In Part 1 on this subject (here), the history behind Montana’s Corrupt Practices Act, which made corporate contributions in state elections illegal, and the Montana Supreme Court case involving Western Tradition Partnership (WTP), which upheld Montana’s Corrupt Practices Act, are discussed.
Since the decision of the Montana Supreme Court contradicted the Citizens United ruling, WTP (now American Tradition Partnership, Inc. or ATP) appealed the decision to the U.S. Supreme Court. On June 25, 2012, the Supreme Court ruled in American Tradition Partnership, Inc., v. Bullock, via a per curiam opinion (without hearing testimony) that the state of Montana had to accept the Citizens United decision. In Citizens United, the Supreme Court majority said that there was no evidence of anything corrupting about independent spending. In the absence of evidence that WTP was coordinating with the candidates, there was nothing that Montana could do.
But here is where the irony comes into play, in the form of boxes found in a Colorado meth house. These boxes, which were received five months after Montana ended its investigation of WTP, were stuffed with documents related to WTP and other similar groups in Montana.

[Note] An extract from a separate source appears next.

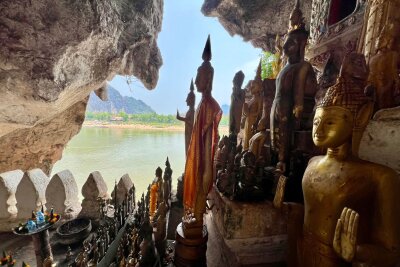 Am Mekong: Heilige Höhlen mit 6000 Buddha-Statuen - Eine Gruppe von Buddha-Statuen in den Pak Ou Caves. Die Höhlen direkt am Mekong gelten als eine der wichtigsten buddhistischen Stätten in Laos.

These included memos, candidate questionnaires, wife questionnaires, and letters ostensibly written by both candidates and their wives. These letters became part of direct mail efforts funded by WTP. Clearly, the “social welfare” group was coordinating with the candidates. The so-called independent expenditures were not actually independent at all. This was the evidence that SCOTUS said it was looking for to establish corruption or the appearance of corruption (quid pro quo).
Other items in the boxes included sheets of paper covered with candidate signatures, some of which had been cut out and pasted onto campaign materials. These materials were then distributed by WTP and related nonprofit organizations.
In 2012, PBS Frontline featured the Montana story in a segment called “Big Sky, Big Money.” Since then, the ironic tale has continued. In 2013, a Montana court ruled that WTP used deception to avoid disclosure of its donors. The court declared that WTP was a political committee that created “sham” nonprofits so that it would not have to disclose.
Beginning in 2014, the Montana Commissioner of Political Practices investigated nine candidates who were believed to have colluded with WTP in the 2010 election campaign. One of these candidates, Joel Boniek, was found guilty of corruption last week by a Montana court. The judge in the case stated that Boniek had personal knowledge of the direct mail campaign that WTP conducted for him and that he provided “general campaigning authority, including his signature, to WTP.” The judge accused Boniek of “quid pro quo corruption.” Boniek had received the benefit of a direct mail campaign for which “he did not pay, report or disclose.” In return, Boniek promised “unswerving fealty to the corporations carrying out the direct mail campaign.”
Two other candidates have settled the complaints, and one more is expected to settle, but the rest seem determined to go to court.
Will any of these cases get to the U.S. Supreme Court, where Montana’s evidence that big money causes corruption can be considered? Will the Supreme Court realize that independent spending may not be independent at all? It will be interesting to see how this turns out.